Prolonged period of lockdown ahead, Taoiseach tells party meeting

Micheál Martin says UK variant keeping Covid-19 numbers stubbornly high

Taoiseach Micheal Martin  told colleagues a “prolonged period” of suppression was required. Photograph:Gareth Chaney/Collins

Taoiseach Micheal Martin told colleagues a “prolonged period” of suppression was required. Photograph:Gareth Chaney/Collins

 

Taoiseach Micheál Martin has indicated that Ireland will remain in a prolonged period of lockdown that Fianna Fáil colleagues predict could last right up to the beginning of May.

Mr Martin told Fianna Fáil TDs and Senators on Wednesday that the UK variant of Covid-19 (which now accounts for three-quarters of all cases in Ireland) had resulted in numbers remaining stubbornly high.

At a meeting of his parliamentary party, he said Covid numbers in hospitals were still 25 per cent higher than in the April peak last year, and the number of patients in ICU was falling very slowly.

He expressed concern at the impact of the UK variant saying that close contacts had a positivity rate of 22.5 per cent, over twice the positivity rate of 10-11 per cent of the original virus.

He told colleagues a “prolonged period” of suppression was required. A senior Government source said the new Living with Covid plan, and the planned changes to commence on March 5th, would not result in any easing of Level 5 restrictions, save in the key sectors of education and construction.

Conversely, said the source, the Level 5 restrictions will be tightened in many cases. There was a sign of that on Wednesday, when the GAA revealed that inter-county games will no longer be allowable under Level 5.

“We are in a phase of indefinite lockdown,” said the source. “The restrictions will continue right into April and possibly to the beginning of May.”

“There will be zero wriggle room for anyone looking for relaxing of restrictions,” he said.

Hotel quarantine

It came as Tánaiste Leo Varadkar told the Fine Gael parliamentary party that mandatory hotel quarantine would be very difficult and will create real hardship for families and for people.

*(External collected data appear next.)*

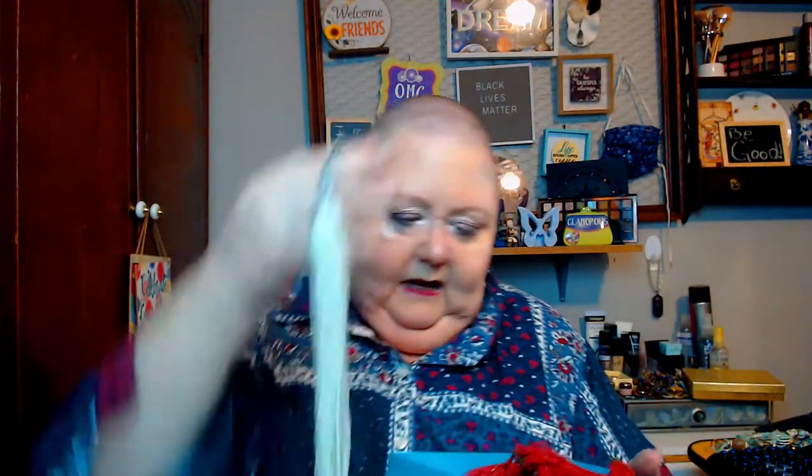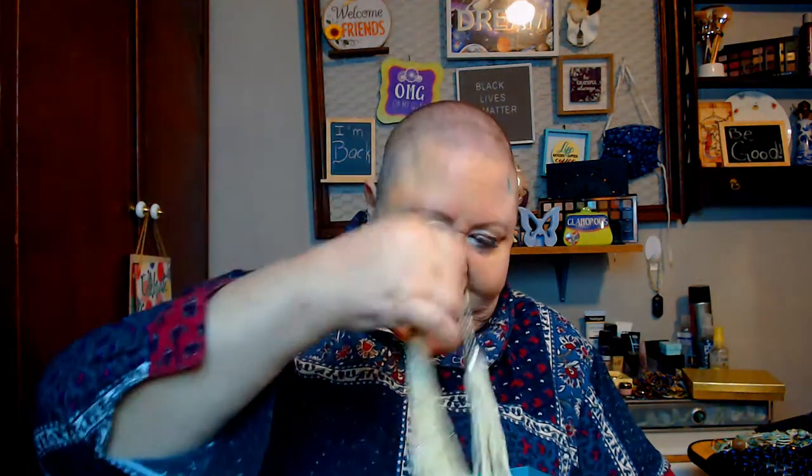I was happy to give the woman eight bucks for these. I'm not crying. Most of these are glass seed beads with some other bits. She decided she needed to clear out some stuff and I decided I would be happy to assist her in that.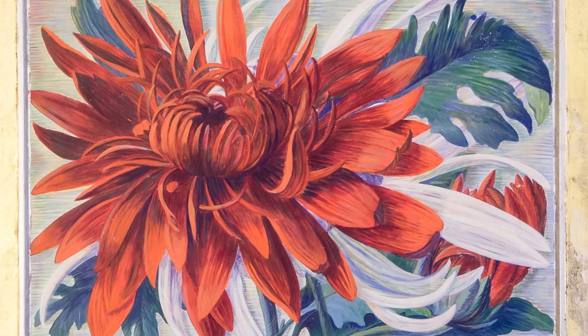Close your eyes and imagine da Vinci's The Last Supper, or maybe Botticelli's The Birth of Venus. Now, take a moment to look at the photo of this painting — Red Mum by Dorothea Weiss. What do these paintings have in common? Can you believe that these paintings were done with egg tempera paint?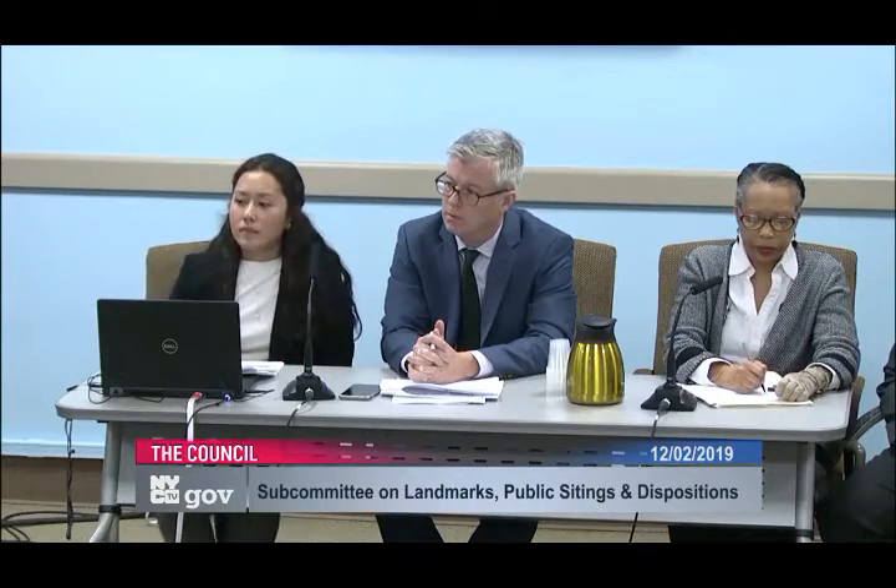Thank you very much for your testimony, panel. I don't see any members of the public who wish to testify on these items, so you are excused. Seeing no further members of the public who wish to testify, I now close today's hearing and this application will be laid over. I'd like to thank members of the public, my colleagues, Council and Land Use staff for attending today's hearing. This meeting is hereby adjourned.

He also told colleagues that Ireland can not hope to have restrictions that can be compared with Australia and New Zealand. He pointed to the Border and the high number of cases in counties close to the Border. He said he was unsure if mandatory quarantine would even be introduced in the North, according to colleagues who were at the meeting.

He also pointed to the difficulties in coordinating a response to Covid across the UK and Ireland, saying there were five different jurisdictions across the two islands, and the Government was doing its best to increase cooperation.

Charlie Flanagan was highly critical of the new criminal sanctions for travel introduced in Britain ‑ including imprisonment of 10 years - and said he hoped it would not be introduced in Ireland. Eoghan Murphy raised the issues of people returning home for family funerals being subject to mandatory quarantine in hotels, while John Paul Phelan pointed out it would impact on couples seeking IVF treatment abroad.

Knife crime

At the Fianna Fáíl meeting, deputies Jim O’Callaghan and Padraig O’Sullivan introduced a Bill to tackle the spate of knife crime, which they said was now going out of control in Dublin and other cities. The Bill will extend maximum sentence for possession of a knife from five years to 10 years.

John McGuinness won widespread support for criticism of the bank in their approach to mortgage arrears, the sell-off of loan books to vulture funds, as well as the expected withdrawal of Ulster Bank from the Irish market.

Laois-Offaly TD Barry Cowen received unanimous support for a bespoke retrofit pilot programme for pensioners who currently rely on solid fuel.

A motion proposed by Mr Murphy and Jennifer Carroll MacNeill which highlighted inconsistencies between schools with regard to remote learning and seeking certainty about State examinations going ahead this year was passed unanimously. The meeting also heard everything possible is being done to get schools back up and running.